EOS (Equation of State)
- EOS models calculate both liquid and vapor properties and are generally used to model systems such as LNG and cryogenic processes, mixed refrigerants, air separation, low temperature oil absorption processes, light naphtha processing, and hydrogen systems.
- EOS models can calculate pure, mixture, and infinite dilution properties.
- Available EOS models are:
- Peng-Robinson Polar
- SRK Polar
- Peng-Robinson and SRK can be used to model other processes such as dehydration and crude fractionation. Both of these models also support hydrate, water freezing point, and CO2 freeze out predictions.
Pure Component Models
ProMax includes two Pure Component models:
NBS Steam Tables calculates thermodynamic, physical, and transport properties for water.

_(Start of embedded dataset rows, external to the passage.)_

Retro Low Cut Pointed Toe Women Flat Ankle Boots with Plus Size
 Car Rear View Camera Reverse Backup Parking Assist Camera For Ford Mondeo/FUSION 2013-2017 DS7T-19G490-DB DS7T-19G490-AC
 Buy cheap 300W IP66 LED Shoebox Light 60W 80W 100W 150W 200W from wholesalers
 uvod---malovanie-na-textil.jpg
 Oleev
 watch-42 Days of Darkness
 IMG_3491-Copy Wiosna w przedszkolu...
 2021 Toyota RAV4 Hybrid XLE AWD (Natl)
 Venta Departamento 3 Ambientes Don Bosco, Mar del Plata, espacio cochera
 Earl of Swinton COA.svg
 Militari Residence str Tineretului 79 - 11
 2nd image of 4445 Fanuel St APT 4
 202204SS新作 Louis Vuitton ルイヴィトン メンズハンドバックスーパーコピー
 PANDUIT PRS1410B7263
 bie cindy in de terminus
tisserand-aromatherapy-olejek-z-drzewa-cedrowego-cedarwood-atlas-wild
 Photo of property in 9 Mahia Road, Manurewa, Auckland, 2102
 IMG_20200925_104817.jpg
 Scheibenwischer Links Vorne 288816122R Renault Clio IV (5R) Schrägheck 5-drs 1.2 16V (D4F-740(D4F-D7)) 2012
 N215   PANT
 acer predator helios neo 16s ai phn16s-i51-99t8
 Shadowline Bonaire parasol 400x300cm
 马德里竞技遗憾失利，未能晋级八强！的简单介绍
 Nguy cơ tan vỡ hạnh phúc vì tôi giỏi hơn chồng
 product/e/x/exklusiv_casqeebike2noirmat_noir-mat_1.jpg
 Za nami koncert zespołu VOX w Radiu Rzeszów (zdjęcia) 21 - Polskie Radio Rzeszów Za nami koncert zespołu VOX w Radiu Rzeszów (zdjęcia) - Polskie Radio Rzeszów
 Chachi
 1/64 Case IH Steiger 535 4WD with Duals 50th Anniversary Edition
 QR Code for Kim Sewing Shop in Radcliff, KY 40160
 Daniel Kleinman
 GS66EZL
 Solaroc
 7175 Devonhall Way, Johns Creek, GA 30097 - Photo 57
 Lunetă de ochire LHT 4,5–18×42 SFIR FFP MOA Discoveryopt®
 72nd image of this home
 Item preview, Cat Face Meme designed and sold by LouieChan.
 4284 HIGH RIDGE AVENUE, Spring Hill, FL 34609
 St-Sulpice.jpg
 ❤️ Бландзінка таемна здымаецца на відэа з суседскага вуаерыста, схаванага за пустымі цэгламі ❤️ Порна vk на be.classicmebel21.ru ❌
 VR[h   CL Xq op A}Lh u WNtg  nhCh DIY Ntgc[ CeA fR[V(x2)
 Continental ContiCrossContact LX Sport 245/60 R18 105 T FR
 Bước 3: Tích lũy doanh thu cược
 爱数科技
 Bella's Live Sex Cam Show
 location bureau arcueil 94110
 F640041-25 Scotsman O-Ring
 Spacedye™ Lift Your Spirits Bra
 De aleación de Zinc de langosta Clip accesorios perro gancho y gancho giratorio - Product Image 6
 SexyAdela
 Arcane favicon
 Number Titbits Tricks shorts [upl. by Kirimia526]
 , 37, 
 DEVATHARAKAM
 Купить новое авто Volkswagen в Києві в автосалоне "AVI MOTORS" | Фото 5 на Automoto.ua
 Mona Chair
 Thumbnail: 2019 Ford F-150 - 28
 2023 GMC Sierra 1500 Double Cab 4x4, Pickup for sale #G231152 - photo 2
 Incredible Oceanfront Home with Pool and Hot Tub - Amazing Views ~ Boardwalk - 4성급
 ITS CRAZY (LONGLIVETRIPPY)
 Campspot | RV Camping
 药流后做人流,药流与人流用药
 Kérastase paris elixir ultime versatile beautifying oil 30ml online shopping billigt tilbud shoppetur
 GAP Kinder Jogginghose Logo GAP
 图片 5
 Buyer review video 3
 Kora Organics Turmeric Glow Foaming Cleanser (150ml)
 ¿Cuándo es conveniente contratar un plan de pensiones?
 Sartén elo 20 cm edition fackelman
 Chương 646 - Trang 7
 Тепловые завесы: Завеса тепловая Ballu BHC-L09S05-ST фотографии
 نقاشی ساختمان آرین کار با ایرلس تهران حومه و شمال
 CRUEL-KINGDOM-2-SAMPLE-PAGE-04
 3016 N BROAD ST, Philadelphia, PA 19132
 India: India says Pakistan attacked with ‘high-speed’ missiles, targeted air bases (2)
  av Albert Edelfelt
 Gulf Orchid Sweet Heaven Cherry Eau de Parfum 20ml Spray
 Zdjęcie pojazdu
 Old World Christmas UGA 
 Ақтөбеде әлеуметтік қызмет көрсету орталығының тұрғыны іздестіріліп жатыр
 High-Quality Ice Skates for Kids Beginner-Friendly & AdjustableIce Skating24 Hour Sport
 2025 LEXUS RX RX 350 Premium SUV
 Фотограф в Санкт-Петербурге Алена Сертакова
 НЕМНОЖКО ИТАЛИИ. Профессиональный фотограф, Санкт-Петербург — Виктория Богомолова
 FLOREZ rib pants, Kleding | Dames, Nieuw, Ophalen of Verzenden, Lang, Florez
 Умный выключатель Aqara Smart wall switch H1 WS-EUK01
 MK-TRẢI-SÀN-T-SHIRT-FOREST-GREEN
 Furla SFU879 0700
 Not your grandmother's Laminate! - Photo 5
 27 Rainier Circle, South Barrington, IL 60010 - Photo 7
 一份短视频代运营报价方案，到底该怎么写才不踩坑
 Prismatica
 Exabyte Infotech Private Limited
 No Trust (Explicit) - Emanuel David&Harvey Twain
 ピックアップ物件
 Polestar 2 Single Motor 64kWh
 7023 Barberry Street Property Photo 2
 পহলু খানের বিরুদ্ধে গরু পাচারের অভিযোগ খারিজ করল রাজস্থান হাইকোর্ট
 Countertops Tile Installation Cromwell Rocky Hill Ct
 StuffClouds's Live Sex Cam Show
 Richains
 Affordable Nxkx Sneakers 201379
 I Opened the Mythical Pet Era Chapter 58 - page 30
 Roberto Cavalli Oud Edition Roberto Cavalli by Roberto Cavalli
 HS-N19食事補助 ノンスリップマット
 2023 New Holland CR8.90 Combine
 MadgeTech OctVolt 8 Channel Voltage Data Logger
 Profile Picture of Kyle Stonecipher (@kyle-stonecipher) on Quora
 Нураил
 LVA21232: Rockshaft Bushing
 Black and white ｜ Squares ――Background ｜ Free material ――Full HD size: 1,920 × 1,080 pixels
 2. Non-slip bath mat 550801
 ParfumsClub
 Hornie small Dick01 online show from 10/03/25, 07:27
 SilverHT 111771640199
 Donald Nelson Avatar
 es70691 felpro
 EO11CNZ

This package could be used to model steam turbines, condensers, steam cycle, etc. to obtain duties.
Heat Transfer Fluid uses correlations to calculate thermodynamic, physical, and transport properties for common heat transfer fluids such as DowTherm, MultiTherm, Therminol, etc.
Gibbs Excess/Activity Coefficient Models
- Unlike EOS models, Gibbs Excess/Activity Coefficient models calculate infinite dilution and mixture properties for the liquid phase only, and cannot calculate pure properties or vapor phase properties.
- When a Gibbs Excess/Activity Coefficient model is selected, liquid properties are calculated using the specified model, and vapor phase properties are calculated using Ideal Gas (IG), Peng Robinson (PR), or Soave-Redlich-Kwong (SRK).
- For low pressure (70 psia or less), Ideal Gas should be suitable for predicting vapor phase properties.
- For higher pressures, SRK or PR should be used to calculate vapor phase properties because they account for vapor phase imperfections at higher pressures.
- Although the Electrolytic and Molecular Gibbs Excess/Activity Coefficient models are both considered Gibbs Excess models, they are discussed separately below.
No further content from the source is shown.